> _THE PROBLEM_:
Each entry should be copied as it stands, leaving the pictures behind.

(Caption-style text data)
————
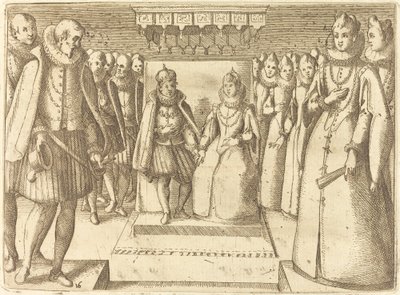 Møde mellem Margaret af Østrig og Filip III, af Jacques Callot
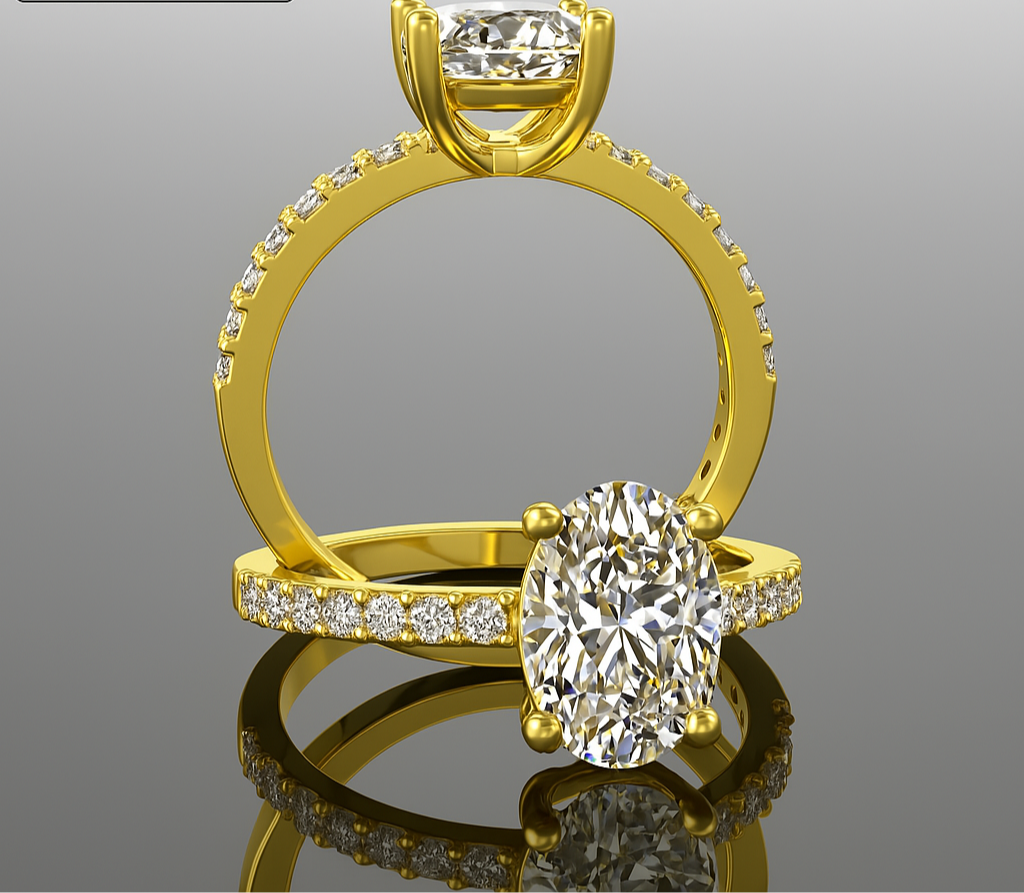 OVAL LGD SOLITARE RING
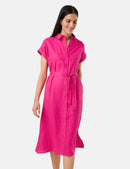 Black &amp; Brights Dress - Magenta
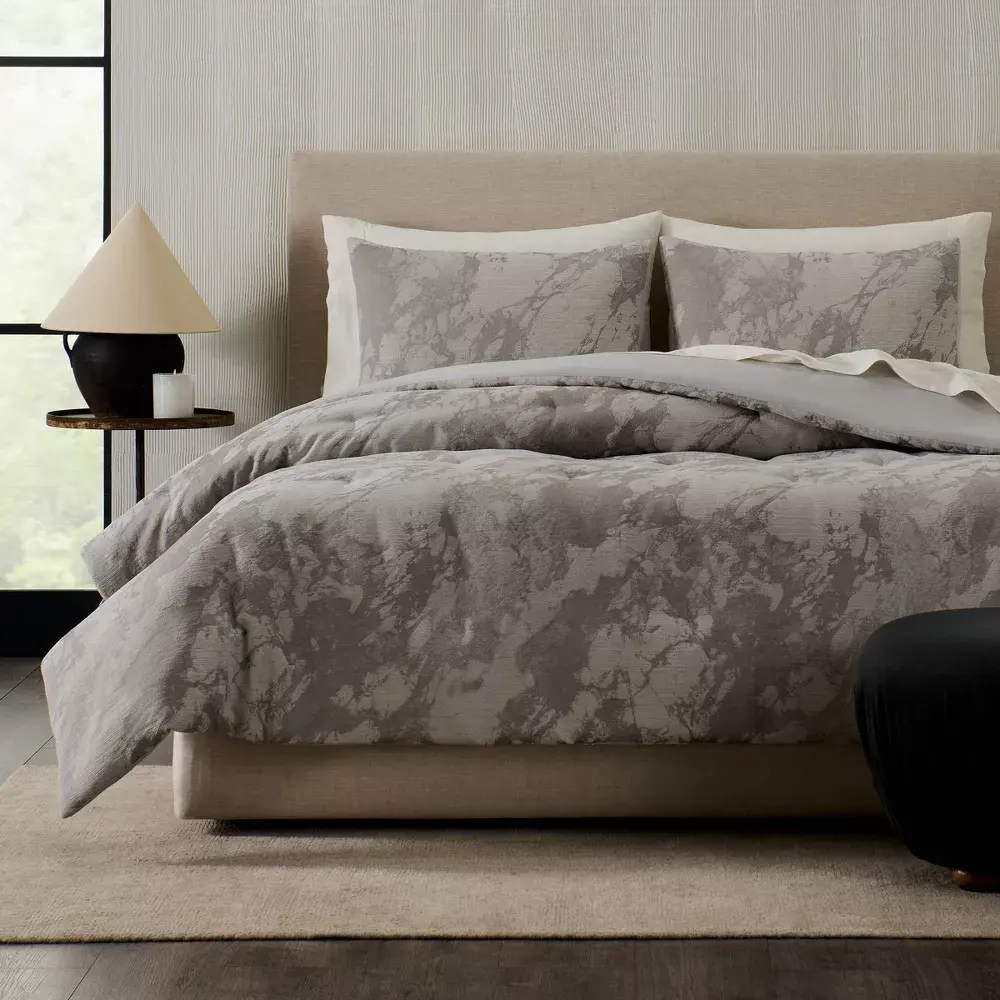 Jeremiah Brent Home 3pc Full/Queen Marble Texture Jacquard Comforter Set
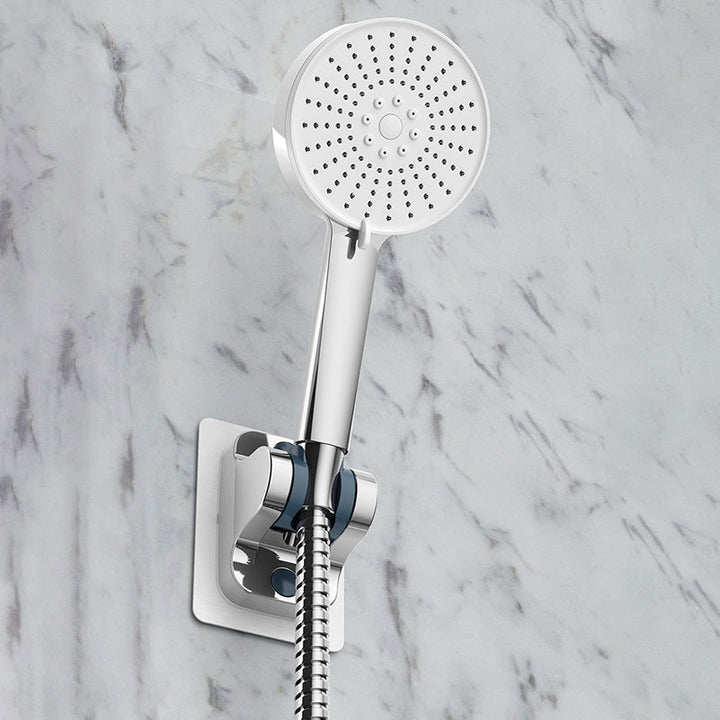 Lisslune | Plastic Handheld Showerhead Round Hand Shower with Self-Cleaning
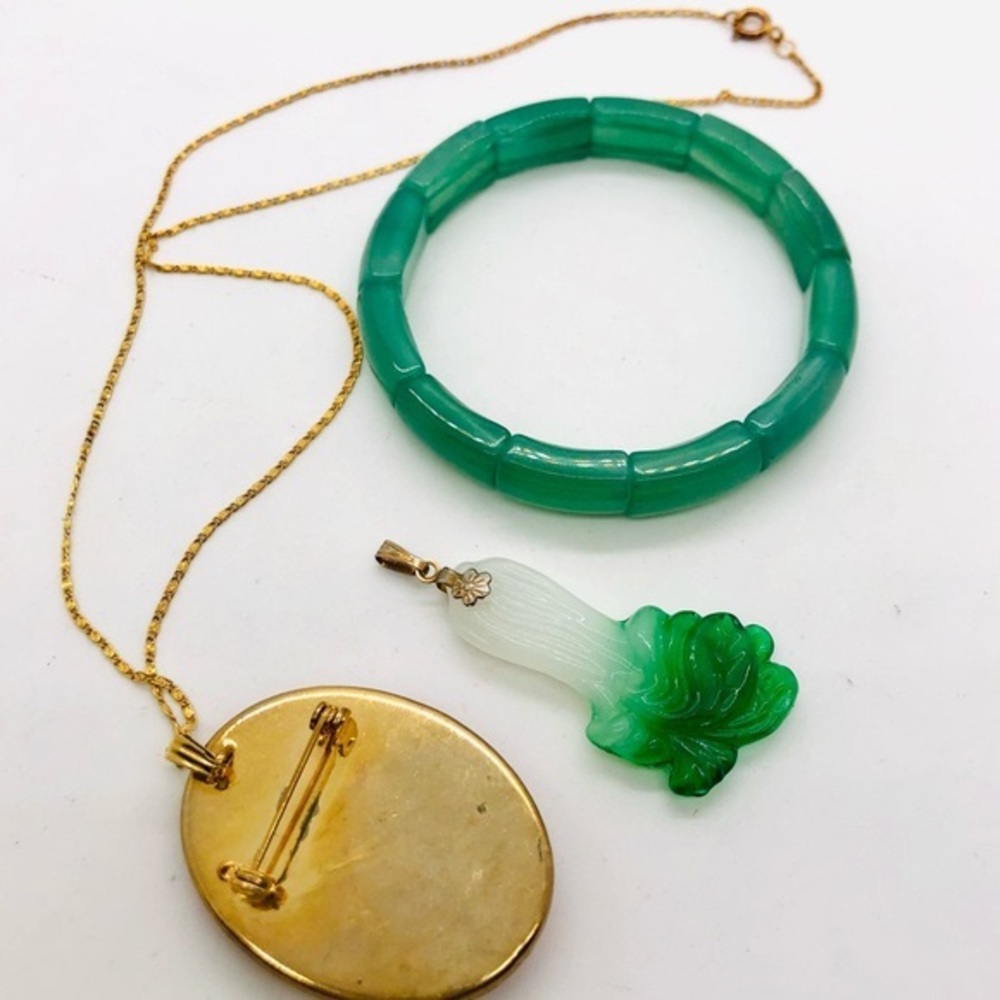 Asian Cabbage Jewelry lot - Picture 9 of 13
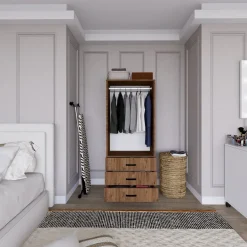 Vaatekaappi Linento Furniture Easy 1600-57, atlassetri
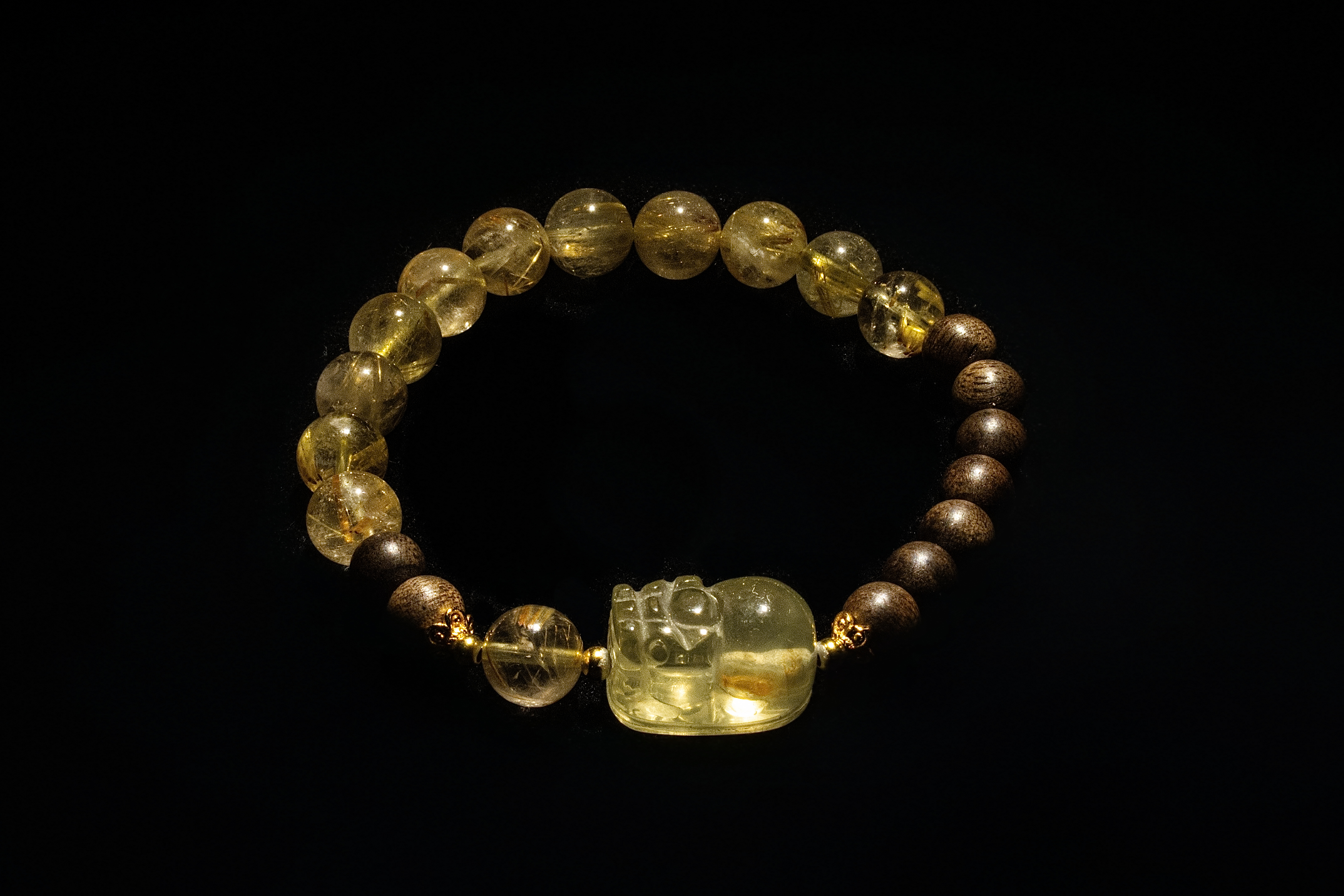 天然水晶钛晶禅意手串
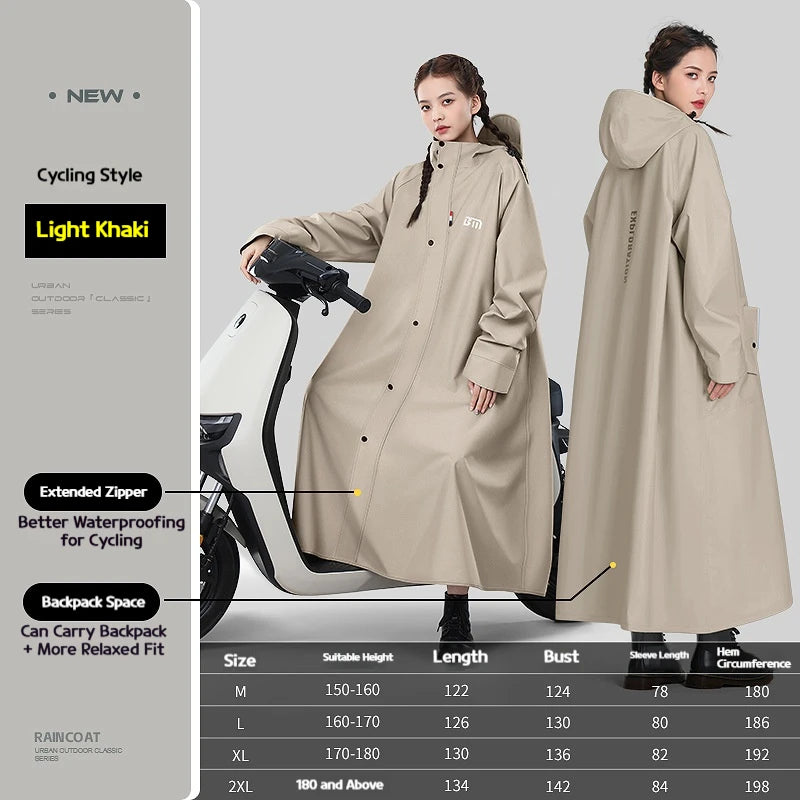 All-Weather Full-Body Poncho for Cycling & Hiking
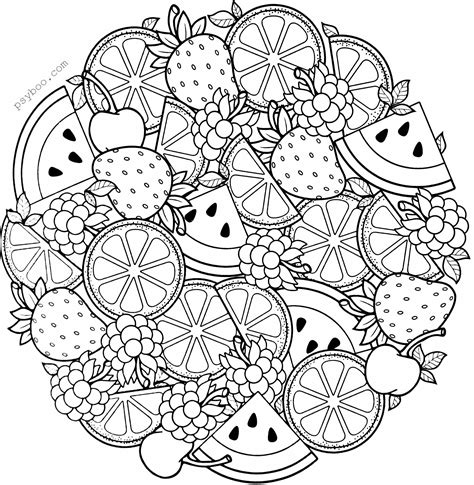 Summer Fruits Stunning Adult Coloring Pages 2020 Coloring Books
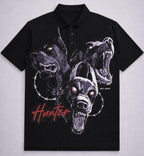 Black Boxy Oversized Polo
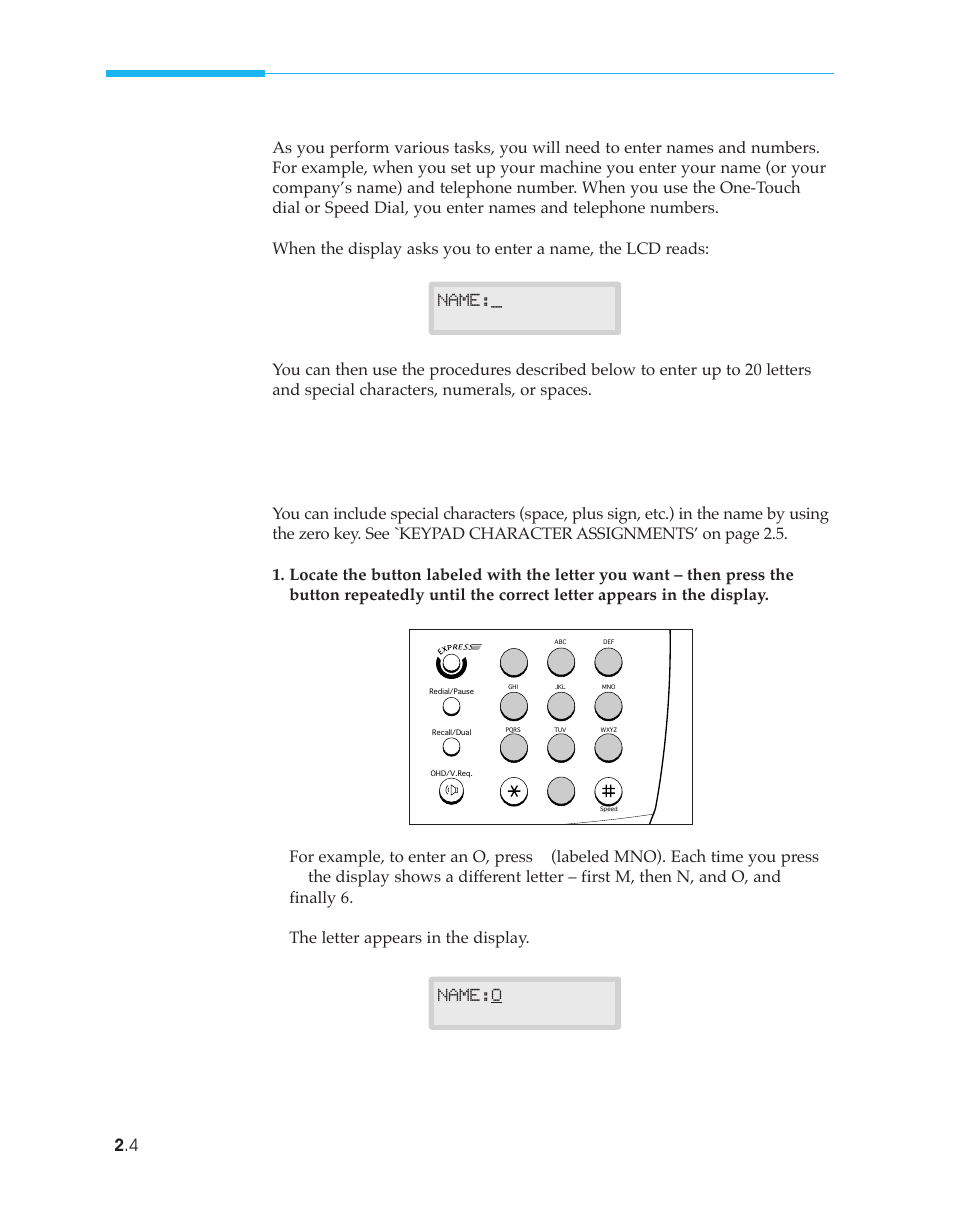 Number keypad | Samsung SF4500 User Manual | Page 27 / 93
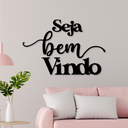 Ver imagem 1 de Letreiro de Parede em MDF Seja Bem Vindo em MDF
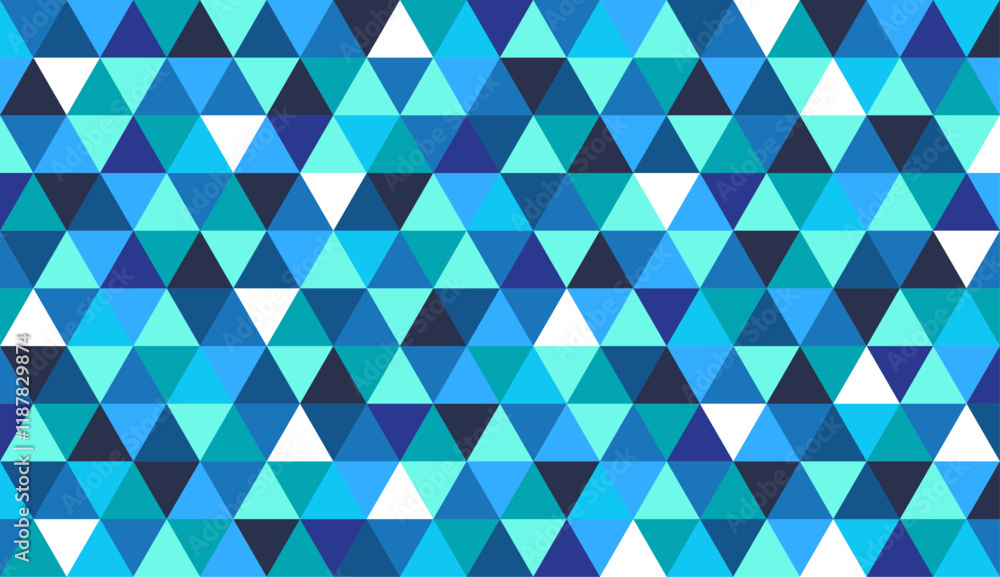 Blue Geometric triangle mosaic pattern. Prism triangular Seamless Pattern Background Holographic Foil Multi Color Triangle Texture. repeat colorful-mosaic wallpaper Blue Geometric triangle mosaic pattern. Prism triangular Seamless Pattern Background Holographic Foil Multi Color Triangle Texture. repeat colorful-mosaic wallpaper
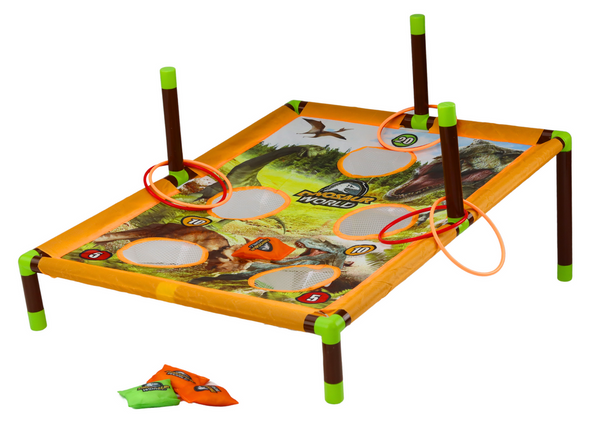 Arcade-Spiel Bag Throw Hoop 2in1 Dinosaurier-Brett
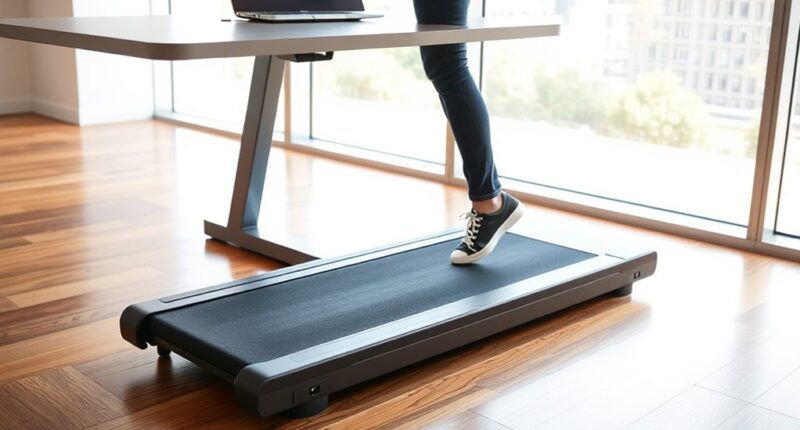 top under desk treadmills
————
> _OUTPUT FOR THIS EXERCISE_:
 Møde mellem Margaret af Østrig og Filip III, af Jacques Callot
 OVAL LGD SOLITARE RING
 Black &amp; Brights Dress - Magenta
 Jeremiah Brent Home 3pc Full/Queen Marble Texture Jacquard Comforter Set
 Lisslune | Plastic Handheld Showerhead Round Hand Shower with Self-Cleaning
 Asian Cabbage Jewelry lot - Picture 9 of 13
 Vaatekaappi Linento Furniture Easy 1600-57, atlassetri
 天然水晶钛晶禅意手串
 All-Weather Full-Body Poncho for Cycling & Hiking
 Summer Fruits Stunning Adult Coloring Pages 2020 Coloring Books
 Black Boxy Oversized Polo
 Number keypad | Samsung SF4500 User Manual | Page 27 / 93
 Ver imagem 1 de Letreiro de Parede em MDF Seja Bem Vindo em MDF
 Blue Geometric triangle mosaic pattern. Prism triangular Seamless Pattern Background Holographic Foil Multi Color Triangle Texture. repeat colorful-mosaic wallpaper Blue Geometric triangle mosaic pattern. Prism triangular Seamless Pattern Background Holographic Foil Multi Color Triangle Texture. repeat colorful-mosaic wallpaper
 Arcade-Spiel Bag Throw Hoop 2in1 Dinosaurier-Brett
 top under desk treadmills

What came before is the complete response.